TASK INPUTS Start Marker

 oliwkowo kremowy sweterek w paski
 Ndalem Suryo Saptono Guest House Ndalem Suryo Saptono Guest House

TASK INPUTS End Marker
TASK INPUTS Start Marker

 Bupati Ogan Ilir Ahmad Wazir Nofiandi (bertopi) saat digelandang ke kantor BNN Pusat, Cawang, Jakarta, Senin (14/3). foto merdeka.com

TASK INPUTS End Marker

Retype the entries above exactly, but only from the line containing "oliwkowo kremowy sweterek w paski" through the line containing "Ndalem Suryo Saptono Guest House Ndalem", both included.

▸ WORKED SOLUTION:
 oliwkowo kremowy sweterek w paski
 Ndalem Suryo Saptono Guest House Ndalem Suryo Saptono Guest House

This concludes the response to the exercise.